A promising advance for patients with Mash thanks to a collaboration between the Angers University Hospital and the Inventiva Biotech.
It is a small revolution that begins in the discreet but essential world of liver diseases. A team of researchers, including Professor Jérôme Boursier du CHU d’Angers, has just signed a remarkable publication in the prestigious Revue Clinical Gastroenterology and Hepatology. At the heart of the study: A series of new biomarkers capable of predicting, with impressive reliability, the effectiveness of Lanifibranor treatment in patients with Mash, an advanced form of hepatic steatosis.
But first, a word on the Mash. This disease, whose scientific name can give cold sweats (metabolic steatohepatitis), is an inflammation of the liver linked to the accumulation of fat, often silent but which can evolve towards cirrhosis or hepatic cancer. The treatment, until today, remained complex, for lack of good tools to find out if a drug would really work.
This is where the Lanifibranor comes in, a drug candidate developed by Inventiva, and especially the famous “biomarkers signatures” developed to predict that will best meet them.

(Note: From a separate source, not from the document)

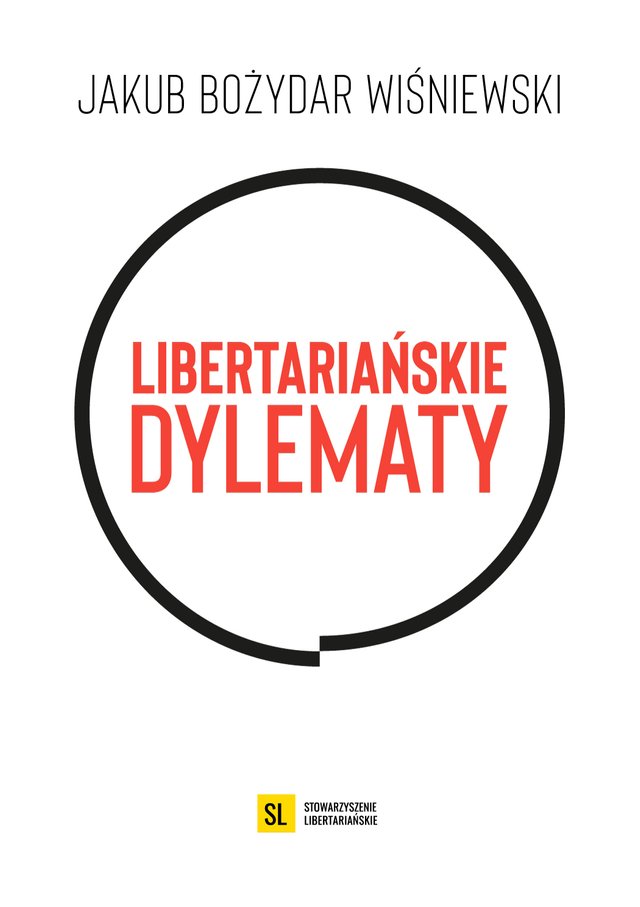 LIBERTARIANSKIE-DYLEMATY-book-cover-A5-01a.jpg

“Our collaboration with Inventiva was decisive to meet the critical need for reliable non -invasive biomarkers in the Mash”, explains Professor Jérôme Boursier, head of the hepato-gastroenterology service at the Angers University Hospital. “The signatures identified in our analyzes have shown better performance than the scores currently available to predict the response to the Lanifibranor. »»
Concretely, these biomarkers are like indicators present in the blood, capable of announcing in advance if a patient will see an improvement in his liver under treatment. Three types of responses were targeted in the study: the disappearance of lesions with improvement in fibrosis, the disappearance of lesions alone, and the improvement of fibrosis alone. For each scenario, a cocktail of markers has been defined, combining data on inflammation, metabolism or even cell degradation.
And the results are stunning: the scores developed display very high prediction rates (Auroc greater than 0.80), which means a precision rarely affected in this area.
“We are optimistic about the development of robust robust composite biomarkers who could predict the response to treatment and therefore the identification of the patients most likely to respond”underlines Professor PR FACHIER, enthusiastic about making this innovation a future standard in precision medicine.
If the trials continue successfully, these signatures could change the lives of thousands of patients, by avoiding unnecessary treatments, invasive biopsies, and targeting the right people at the right time.
Once again, the Angers University Hospital and the Professor Professor confirm their driving role in the fight against liver disease. Good news for patients, and for the whole medical community.